Wednesday, March 16, 2011

Does peer review ensure quality?

I’ve written (somewhat unsystematically) on peer review and academic journals lately, especially on the question of why we have a hierarchy of journals (top journals, mid-tier etc.). I suggested some possible justifications for this, but they all rest on the assumption that editors and referees are good at estimating the “quality” of research (in the sense of long term importance). A reader suggested that having top journals could motivate researchers to do better work than otherwise, but this too requires that it is a relevant sense of scientific quality that determines acceptance in top journals. (This benefit mainly comes about if this system identifies and “marks” quality better than alternative systems focused on citation rates etc. Otherwise, it is mostly an early (noisy) estimate of long term importance that allows you to reap an expected status earlier than otherwise.)

Anyway – here’s some stuff I’ve gathered lately on the quality of refereeing. Mostly, this comes from bloggers sceptical of the current system – please add more positive stuff if you know of it.

First, from Cameron Neylon at Science in the Open

what evidence we do have shows almost universally that peer review is a waste of time and resources and that it really doesn’t achieve very much at all. It doesn’t effectively guarantee accuracy, it fails dismally at predicting importance, and its not really supporting any effective filtering.  If I appeal to authority I’ll go for one with some domain credibility, lets say the Cochrane Reviews which conclude the summary of a study of peer review with “At present, little empirical evidence is available to support the use of editorial peer review as a mechanism to ensure quality of biomedical research.” Or perhaps Richard Smith, a previous editor of the British Medical Journal, who describes the quite terrifying ineffectiveness of referees in finding errors deliberately inserted into a paper. Smith’s article is a good entry into to the relevant literature as is a Research Information Network study that notably doesn’t address the issue of whether peer review of papers helps to maintain accuracy despite being broadly supportive of the use of peer review to award grants.

I (very briefly) looked at Neylon’s links (hope to go more in-depth another time), but the Cochrane Review mostly notes that there is no evidence that peer review raises quality. That is, it is more a lack of evidence either way than evidence in one direction. Smith’s article, on the other hand, is more aggressive:

If peer review is to be thought of primarily as a quality assurance method, then sadly we have lots of evidence of its failures. The pretentiously named medical literature is shot through with poor studies. John Ioannidis has shown how much of what is published is false [4]. The editors of ACP Journal Club search the 100 'top' medical journals for original scientific articles that are both scientifically sound and important for clinicians and find that it is less than 1% of the studies in most journals [5]. Many studies have shown that the standard of statistics in medical journals is very poor [6].

[…]

While Drummond Rennie writes in what might be the greatest sentence ever published in a medical journal: 'There seems to be no study too fragmented, no hypothesis too trivial, no literature citation too biased or too egotistical, no design too warped, no methodology too bungled, no presentation of results too inaccurate, too obscure, and too contradictory, no analysis too self-serving, no argument too circular, no conclusions too trifling or too unjustified, and no grammar and syntax too offensive for a paper to end up in print.'

(BTW: I would recommend this readable article that provides a nice introduction on Ionnides)
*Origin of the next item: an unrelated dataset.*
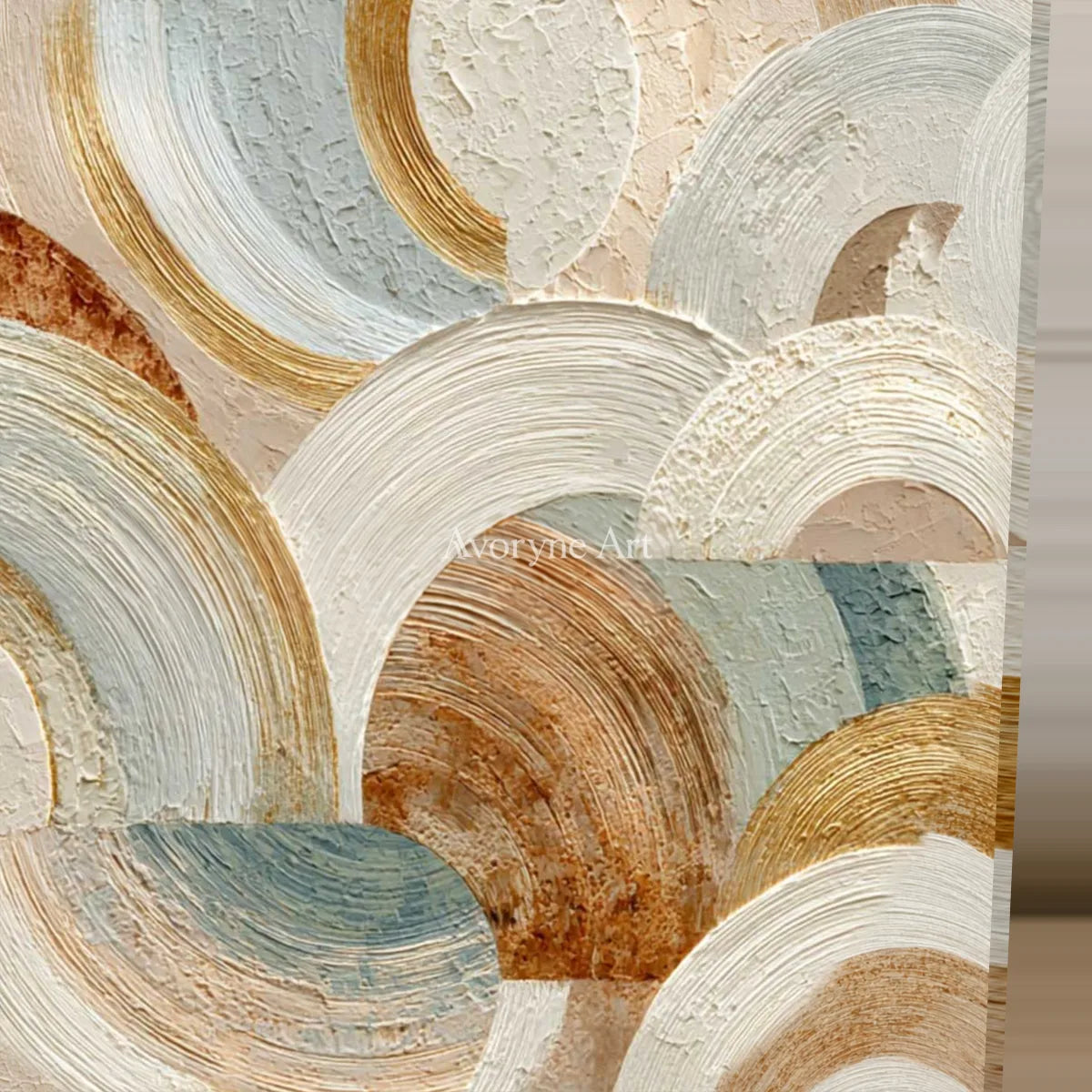 Cloud Arcadia: Beige Layered Arc Square Abstract Wall Art — detail easel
The usually interesting Robin Hanson noted a recent study that shows that not much of the variability in referees’ ratings is explained by a tendency to agree (which tells you that the “signal” of quality is (if it is there) very noisy):

reviewreliability

The above is from their key figure, showing reliability estimates and confidence intervals for studies ordered by estimated reliability. The most accurate studies found the lowest reliabilities, clear evidence of a bias toward publishing studies that find high reliability. I recommend trusting only the most solid studies, which give the most pessimistic (<20%) estimates.
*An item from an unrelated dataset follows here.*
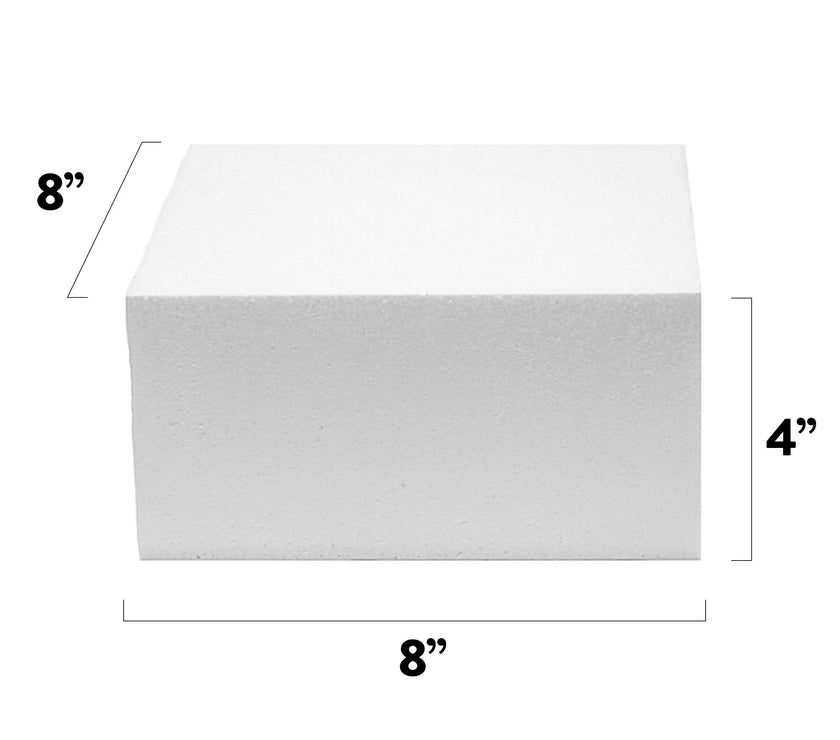 8x8 Inch Square Cake Dummy – Styrofoam Fake Cake for Decorating, Display & Practice, by Global Sugar Art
Some years ago, Hanson also uncovered a study from the “good-old days” when you were allowed to mislead study subjects if this was necessary to get valid results. This study showed that reviewers do not agree, and by manipulating the conclusions and creating studies that were equivalent methodologically but supported different conclusions, they also showed that referee opinions regarding manuscripts were

strongly biased against manuscripts which reported results contrary to their theoretical perspective.

Ideally, we should have an external measure of quality that is reasonably independent of “bandwagon” effects (e.g., if everyone wants to cite American Economic Review because it is the top journal, then citation rates of articles from AER would tend to reflect the status of the journal rather than the quality of the articles). Seems to me like this would be easier to find in a more decisively empirical discipline than economics (or sociology for that matter), where long-term citation rates might more credibly reflect empirically valid and important results and theories.